What the task asks
Only the lines from the beginning of the data below through the line that contains "The tube should be labeled" should be repeated, exactly as written.
--- START ---
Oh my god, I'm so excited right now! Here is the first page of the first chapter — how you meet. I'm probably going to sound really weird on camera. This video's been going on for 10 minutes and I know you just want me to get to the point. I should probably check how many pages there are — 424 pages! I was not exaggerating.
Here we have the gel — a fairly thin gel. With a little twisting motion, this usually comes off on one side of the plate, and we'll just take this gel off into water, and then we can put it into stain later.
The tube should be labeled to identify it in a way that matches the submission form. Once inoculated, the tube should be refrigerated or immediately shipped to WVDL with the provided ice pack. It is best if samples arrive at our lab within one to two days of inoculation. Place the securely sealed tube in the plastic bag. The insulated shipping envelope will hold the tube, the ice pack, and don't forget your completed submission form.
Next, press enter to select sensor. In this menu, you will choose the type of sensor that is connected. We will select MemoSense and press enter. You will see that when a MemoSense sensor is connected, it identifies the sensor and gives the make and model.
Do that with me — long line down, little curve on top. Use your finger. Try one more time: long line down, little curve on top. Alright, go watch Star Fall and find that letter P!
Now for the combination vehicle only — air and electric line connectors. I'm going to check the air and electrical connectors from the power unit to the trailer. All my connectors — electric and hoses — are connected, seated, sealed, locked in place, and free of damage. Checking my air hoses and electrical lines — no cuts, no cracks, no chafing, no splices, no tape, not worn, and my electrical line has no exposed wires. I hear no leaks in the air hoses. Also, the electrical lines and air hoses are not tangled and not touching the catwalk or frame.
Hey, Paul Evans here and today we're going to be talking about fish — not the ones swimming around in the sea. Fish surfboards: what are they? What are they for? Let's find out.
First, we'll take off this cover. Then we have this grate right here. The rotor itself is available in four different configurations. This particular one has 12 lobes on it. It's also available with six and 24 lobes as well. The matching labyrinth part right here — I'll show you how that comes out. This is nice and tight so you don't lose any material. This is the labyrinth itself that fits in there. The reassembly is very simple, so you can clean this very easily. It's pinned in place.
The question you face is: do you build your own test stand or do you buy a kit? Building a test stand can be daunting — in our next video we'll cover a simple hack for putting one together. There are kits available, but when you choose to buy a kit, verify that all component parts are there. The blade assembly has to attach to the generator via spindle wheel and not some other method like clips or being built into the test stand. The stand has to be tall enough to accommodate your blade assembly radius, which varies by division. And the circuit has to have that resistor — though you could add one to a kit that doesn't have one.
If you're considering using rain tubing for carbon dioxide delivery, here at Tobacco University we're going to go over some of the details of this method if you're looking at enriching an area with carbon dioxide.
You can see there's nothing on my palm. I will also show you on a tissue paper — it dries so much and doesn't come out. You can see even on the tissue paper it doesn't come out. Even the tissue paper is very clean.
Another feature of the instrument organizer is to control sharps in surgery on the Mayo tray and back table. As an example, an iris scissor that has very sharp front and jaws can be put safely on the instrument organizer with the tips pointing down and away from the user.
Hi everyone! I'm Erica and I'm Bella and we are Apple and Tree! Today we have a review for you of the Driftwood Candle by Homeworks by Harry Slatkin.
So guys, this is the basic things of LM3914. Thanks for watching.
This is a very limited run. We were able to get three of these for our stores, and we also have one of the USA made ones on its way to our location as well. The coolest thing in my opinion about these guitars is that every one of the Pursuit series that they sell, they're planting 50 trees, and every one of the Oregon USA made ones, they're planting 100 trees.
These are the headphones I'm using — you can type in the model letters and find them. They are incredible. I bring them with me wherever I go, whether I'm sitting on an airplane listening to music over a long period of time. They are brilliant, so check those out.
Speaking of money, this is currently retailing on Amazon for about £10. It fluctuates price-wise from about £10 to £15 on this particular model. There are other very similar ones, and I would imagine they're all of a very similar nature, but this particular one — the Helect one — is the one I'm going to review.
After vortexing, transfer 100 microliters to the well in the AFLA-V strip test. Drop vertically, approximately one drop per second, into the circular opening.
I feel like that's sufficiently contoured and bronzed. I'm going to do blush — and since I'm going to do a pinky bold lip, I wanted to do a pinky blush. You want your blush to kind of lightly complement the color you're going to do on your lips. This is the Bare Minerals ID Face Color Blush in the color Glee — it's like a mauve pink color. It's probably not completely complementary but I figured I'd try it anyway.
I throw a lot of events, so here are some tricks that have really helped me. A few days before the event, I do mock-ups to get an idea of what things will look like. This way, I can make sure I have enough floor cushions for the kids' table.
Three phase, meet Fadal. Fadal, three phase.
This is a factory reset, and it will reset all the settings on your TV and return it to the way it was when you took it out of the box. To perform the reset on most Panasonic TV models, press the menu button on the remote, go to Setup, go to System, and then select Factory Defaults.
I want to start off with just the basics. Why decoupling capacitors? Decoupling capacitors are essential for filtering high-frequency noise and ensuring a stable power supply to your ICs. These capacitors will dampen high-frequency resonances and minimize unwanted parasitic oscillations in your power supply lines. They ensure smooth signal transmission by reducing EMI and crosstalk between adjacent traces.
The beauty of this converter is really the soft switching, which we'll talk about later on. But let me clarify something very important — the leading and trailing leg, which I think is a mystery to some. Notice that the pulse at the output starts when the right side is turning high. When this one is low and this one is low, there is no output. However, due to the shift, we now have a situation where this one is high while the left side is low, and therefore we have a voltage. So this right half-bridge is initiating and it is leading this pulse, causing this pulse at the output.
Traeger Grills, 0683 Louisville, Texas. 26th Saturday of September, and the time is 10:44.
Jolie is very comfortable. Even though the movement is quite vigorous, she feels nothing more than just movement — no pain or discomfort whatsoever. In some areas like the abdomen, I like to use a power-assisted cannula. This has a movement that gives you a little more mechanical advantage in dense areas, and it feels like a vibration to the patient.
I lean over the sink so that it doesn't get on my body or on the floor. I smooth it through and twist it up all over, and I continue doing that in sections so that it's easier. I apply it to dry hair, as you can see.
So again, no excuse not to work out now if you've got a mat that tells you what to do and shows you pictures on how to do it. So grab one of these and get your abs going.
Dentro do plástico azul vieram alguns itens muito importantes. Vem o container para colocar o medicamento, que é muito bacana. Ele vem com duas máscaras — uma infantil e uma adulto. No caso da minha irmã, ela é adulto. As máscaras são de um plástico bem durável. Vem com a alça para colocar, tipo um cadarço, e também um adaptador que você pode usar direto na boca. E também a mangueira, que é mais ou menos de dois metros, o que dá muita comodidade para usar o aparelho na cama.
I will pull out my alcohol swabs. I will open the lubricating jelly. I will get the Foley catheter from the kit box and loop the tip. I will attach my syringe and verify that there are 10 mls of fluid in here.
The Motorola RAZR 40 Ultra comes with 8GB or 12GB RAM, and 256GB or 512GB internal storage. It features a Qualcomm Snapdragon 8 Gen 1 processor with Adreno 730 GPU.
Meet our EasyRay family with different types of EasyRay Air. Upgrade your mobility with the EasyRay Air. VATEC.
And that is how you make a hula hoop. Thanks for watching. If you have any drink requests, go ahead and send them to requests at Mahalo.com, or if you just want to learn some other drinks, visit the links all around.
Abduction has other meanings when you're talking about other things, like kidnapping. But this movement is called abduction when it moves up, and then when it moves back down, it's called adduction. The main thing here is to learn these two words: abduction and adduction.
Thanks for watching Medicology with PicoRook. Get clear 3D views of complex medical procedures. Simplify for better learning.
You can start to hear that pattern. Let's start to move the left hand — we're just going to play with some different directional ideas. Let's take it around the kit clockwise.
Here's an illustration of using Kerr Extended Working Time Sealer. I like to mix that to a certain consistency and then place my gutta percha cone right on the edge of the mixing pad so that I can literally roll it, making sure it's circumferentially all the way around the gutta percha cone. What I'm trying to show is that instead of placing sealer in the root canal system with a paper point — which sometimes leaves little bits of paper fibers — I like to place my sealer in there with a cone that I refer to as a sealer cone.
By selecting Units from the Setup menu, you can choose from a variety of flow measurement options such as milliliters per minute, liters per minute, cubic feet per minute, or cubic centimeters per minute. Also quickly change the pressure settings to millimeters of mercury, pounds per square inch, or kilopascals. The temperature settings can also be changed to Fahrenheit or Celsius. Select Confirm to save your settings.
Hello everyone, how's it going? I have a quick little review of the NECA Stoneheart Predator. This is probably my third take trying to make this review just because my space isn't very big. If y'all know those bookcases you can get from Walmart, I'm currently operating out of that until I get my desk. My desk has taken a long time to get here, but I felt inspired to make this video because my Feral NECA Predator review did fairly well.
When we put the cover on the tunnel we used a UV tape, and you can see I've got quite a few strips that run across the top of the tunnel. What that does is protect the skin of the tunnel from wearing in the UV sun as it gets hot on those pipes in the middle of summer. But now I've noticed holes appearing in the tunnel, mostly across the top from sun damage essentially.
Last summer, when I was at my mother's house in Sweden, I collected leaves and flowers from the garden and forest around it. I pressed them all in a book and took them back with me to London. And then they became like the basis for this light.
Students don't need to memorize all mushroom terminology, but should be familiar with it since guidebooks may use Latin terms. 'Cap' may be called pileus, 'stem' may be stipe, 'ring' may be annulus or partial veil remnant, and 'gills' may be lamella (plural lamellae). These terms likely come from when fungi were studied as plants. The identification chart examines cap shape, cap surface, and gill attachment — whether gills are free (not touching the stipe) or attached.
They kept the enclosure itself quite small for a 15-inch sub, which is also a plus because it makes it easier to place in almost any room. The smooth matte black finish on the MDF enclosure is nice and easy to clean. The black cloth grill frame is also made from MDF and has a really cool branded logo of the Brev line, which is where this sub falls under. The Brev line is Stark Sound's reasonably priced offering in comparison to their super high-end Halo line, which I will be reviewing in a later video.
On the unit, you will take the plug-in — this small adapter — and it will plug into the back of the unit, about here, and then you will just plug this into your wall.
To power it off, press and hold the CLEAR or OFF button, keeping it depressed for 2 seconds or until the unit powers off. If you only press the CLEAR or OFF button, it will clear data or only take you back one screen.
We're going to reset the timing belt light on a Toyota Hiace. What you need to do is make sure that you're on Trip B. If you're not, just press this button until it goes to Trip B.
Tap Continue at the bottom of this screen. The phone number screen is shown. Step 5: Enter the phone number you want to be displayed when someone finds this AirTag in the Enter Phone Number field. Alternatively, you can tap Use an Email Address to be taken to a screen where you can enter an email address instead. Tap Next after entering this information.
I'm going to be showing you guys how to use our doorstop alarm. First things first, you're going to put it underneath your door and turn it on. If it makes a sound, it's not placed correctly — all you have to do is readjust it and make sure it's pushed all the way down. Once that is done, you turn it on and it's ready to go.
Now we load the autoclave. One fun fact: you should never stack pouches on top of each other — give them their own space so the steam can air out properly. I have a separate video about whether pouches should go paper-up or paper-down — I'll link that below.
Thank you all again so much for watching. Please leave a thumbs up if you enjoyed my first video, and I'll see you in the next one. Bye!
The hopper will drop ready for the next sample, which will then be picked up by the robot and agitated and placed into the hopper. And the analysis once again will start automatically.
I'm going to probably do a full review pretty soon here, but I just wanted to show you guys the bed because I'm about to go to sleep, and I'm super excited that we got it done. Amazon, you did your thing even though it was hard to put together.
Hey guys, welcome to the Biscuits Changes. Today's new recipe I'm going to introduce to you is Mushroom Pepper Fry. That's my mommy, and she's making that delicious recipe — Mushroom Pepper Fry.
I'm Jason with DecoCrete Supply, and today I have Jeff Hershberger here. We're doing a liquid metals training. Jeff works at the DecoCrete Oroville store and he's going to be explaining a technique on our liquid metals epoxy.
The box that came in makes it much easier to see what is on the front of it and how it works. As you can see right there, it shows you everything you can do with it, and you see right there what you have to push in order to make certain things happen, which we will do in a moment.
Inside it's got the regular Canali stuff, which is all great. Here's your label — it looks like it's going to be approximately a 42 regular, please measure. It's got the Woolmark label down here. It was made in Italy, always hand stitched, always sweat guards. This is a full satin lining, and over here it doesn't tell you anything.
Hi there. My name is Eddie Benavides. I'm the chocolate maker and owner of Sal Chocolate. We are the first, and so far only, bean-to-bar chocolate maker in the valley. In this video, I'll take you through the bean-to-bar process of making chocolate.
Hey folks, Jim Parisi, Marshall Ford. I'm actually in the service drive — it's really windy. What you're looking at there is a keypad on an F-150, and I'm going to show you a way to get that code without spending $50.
--- END ---
Written response
Oh my god, I'm so excited right now! Here is the first page of the first chapter — how you meet. I'm probably going to sound really weird on camera. This video's been going on for 10 minutes and I know you just want me to get to the point. I should probably check how many pages there are — 424 pages! I was not exaggerating.
Here we have the gel — a fairly thin gel. With a little twisting motion, this usually comes off on one side of the plate, and we'll just take this gel off into water, and then we can put it into stain later.
The tube should be labeled to identify it in a way that matches the submission form. Once inoculated, the tube should be refrigerated or immediately shipped to WVDL with the provided ice pack. It is best if samples arrive at our lab within one to two days of inoculation. Place the securely sealed tube in the plastic bag. The insulated shipping envelope will hold the tube, the ice pack, and don't forget your completed submission form.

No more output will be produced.